Tout ? Non ! Dans un coin reculé de cette petite localité du comté de Los Angeles, une institution a tenu le coup : le Shangri-La studio, de Rick Rubin. C’est là-bas que les Strokes ont enregistré leur nouvel album. Quelques semaines après le passage du groupe à l’Olympia en février dernier, je passais un coup de fil à Fabrizio Moretti, confiné lui aussi, histoire de compléter une interview avec Julian Casablancas quelque peu chahutée dans les coulisses de la salle parisienne : “Julian nous disait que le nom de l’album, The New Abnormal, vient de ces grands incendies qui ont eu lieu pendant l’enregistrement du disque – Oui, c’est fou, s’exclame-t-il. Comme si les Dieux de la musique avaient protégé l’endroit. Tu savais que l’ancien tour bus de Bob Dylan était garé dans le jardin ?”
Soma / Sema
Le sort jeté par ce bon vieux Dylan – qui dévoilait il y a deux semaines ce nouveau monument qu’est Murder Most Foul, sorte d’épilogue à son album Tempest (2012) – sur Shangri-La, n’aura pas ricoché sur la baraque, située à quelques encablures de là seulement et à la même période, que Kevin Parker a loué sur Airbnb pour mettre en boîte le nouvel album de Tame Impala, The Slow Rush : “J’avais derrière la tête l’idée d’y rester seul pendant une semaine, me confiait-il en décembre dernier (…) Je venais d’y passer une nuit quand j’ai vu que des incendies étaient en train de dévaster les collines. J’ai laissé le matériel que je ne pouvais pas rentrer dans la voiture et je suis parti. Je pensais que j’allais pouvoir revenir quelques heures plus tard, que c’était une sorte de blague. Je ne m’attendais pas à ce que les feux soient si énormes et apocalyptiques”. Même à ce niveau, on n’est pas confiné à la même enseigne.
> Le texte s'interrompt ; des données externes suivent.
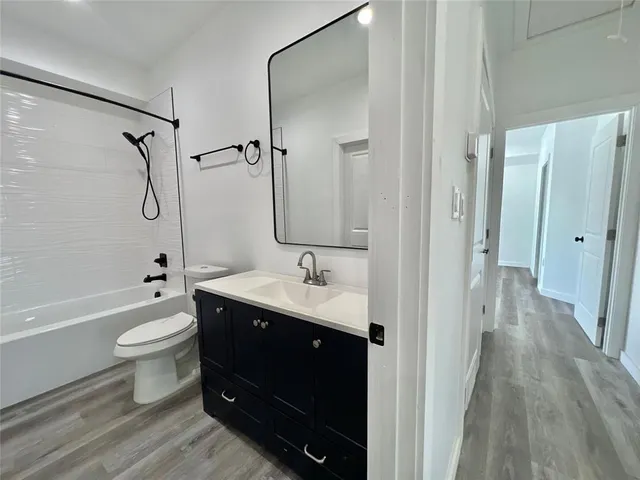 a bathroom with a double vanity sink toilet mirror and bathtub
L’album de Kevin Parker, dont la pochette s’inspire du travail du photographe français Romain Veillon dans les ruines d’un village de Namibie, semble avoir une interprétation assez littérale de l’engloutissement réel d’un monde de carte postale, quand The New Abnormal revêt une dimension tout aussi cataclysmique, mais en explorant cette fois les ruines de la mémoire et des blessures anciennes. Sur le premier album des Strokes, sorti en 2001, Casablancas avait déjà cette clairvoyance de regarder le mal en face : “Soma is what they would take when / Hard times opened their eyes / Saw pain in a new way” – la référence est littéraire puisque, dans le roman d’Aldous Huxley Le meilleur des mondes, le soma est une drogue qui dévie les humains de leur condition misérable, en leur faisant croire qu’ils sont heureux.
Dans une tribune relayée par Les Inrocks, Geoffroy de Lagasnerie écrivait : “Des affects s’emparent de nous presque à notre insu, qui structurent notre manière d’appréhender le présent et font régner une ambiance étouffante”. Certains appels consensuels à la “normalité”, pourraient bien, comme le soma, nous détourner à terme de la véritable “anormalité”.